Security is at the forefront of these criteria. Any breach of financial data could potentially lead to catastrophic financial losses and reputational damage. Therefore, data processing companies must establish and maintain robust security controls to protect their system resources against unauthorized access. An SOC 2 audit provides an unbiased assessment of these security measures, ensuring that a company’s controls are appropriately designed and operating effectively over a period of time.

Availability is essential for service companies, as banks and other financial institutions rely on the continuous access to these services. Unplanned outages can cause severe disruptions to financial operations, making it crucial for SaaS providers to guarantee their systems are reliable and accessible when needed.

The confidentiality and privacy criteria cover how the SaaS company manages sensitive customer data. Banks and financial institutions demand absolute confidentiality of their data. In addition, clients expect that their personal information will be treated with the utmost respect and privacy. An SOC 2 audit verifies that a SaaS company meets these expectations.

Completing an SOC 2 Type 2 audit is not a one-time event but a continuous process of evaluation and improvement of controls over the period of up to one year. It offers service providers a competitive advantage, as it signifies a commitment to maintaining high standards of security and operational performance.

In the complex cloud ecosystem, compliance responsibilities lie with both Infrastructure-as-a-Service (IaaS) providers such as Amazon Web Services (AWS) or Microsoft Azure, and with Software-as-a-Service (SaaS) companies. Under this shared responsibility model AWS and Azure's SOC 2 audits confirm the security of their infrastructure, while SaaS companies manage and audit the specific applications and data managed inside the infrastructure. As an analogy, a bank is responsible for securing its operations within a rented building, while a SaaS provider must secure its applications and data hosted on an IaaS platform. Thus, even when using SOC 2 compliant IaaS providers, SaaS vendors must also complete their own SOC 2 audits to ensure their specific procedures, access controls, and data handling meet stringent security standards. This shared compliance responsibility provides comprehensive assurance of security in the digital financial realm.

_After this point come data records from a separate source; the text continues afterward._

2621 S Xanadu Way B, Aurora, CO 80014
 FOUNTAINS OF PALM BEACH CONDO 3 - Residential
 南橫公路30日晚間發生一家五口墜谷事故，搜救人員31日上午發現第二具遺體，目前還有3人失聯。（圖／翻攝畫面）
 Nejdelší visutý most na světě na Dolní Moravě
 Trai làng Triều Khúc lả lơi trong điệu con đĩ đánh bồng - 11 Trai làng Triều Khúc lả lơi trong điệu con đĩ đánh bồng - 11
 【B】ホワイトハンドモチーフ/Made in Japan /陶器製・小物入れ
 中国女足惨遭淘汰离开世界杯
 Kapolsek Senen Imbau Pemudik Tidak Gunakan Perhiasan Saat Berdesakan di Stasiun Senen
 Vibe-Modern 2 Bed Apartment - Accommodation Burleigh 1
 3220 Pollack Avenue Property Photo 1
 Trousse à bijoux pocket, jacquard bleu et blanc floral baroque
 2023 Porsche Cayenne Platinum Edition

As the world becomes more digitized and interconnected, the need for robust security measures continues to grow. In the FinTech industry, where SaaS companies manage a vast amount of sensitive bank and client financial data, the stakes are particularly high. An SOC 2 audit serves as a seal of trust, demonstrating that a company prioritizes data security and the privacy of its customers.

In summary, completing an SOC 2 audit is an important service company commitment to clients and stakeholders, reinforcing trust, ensuring data protection, and fostering a culture of transparency and accountability in an industry where these values are paramount.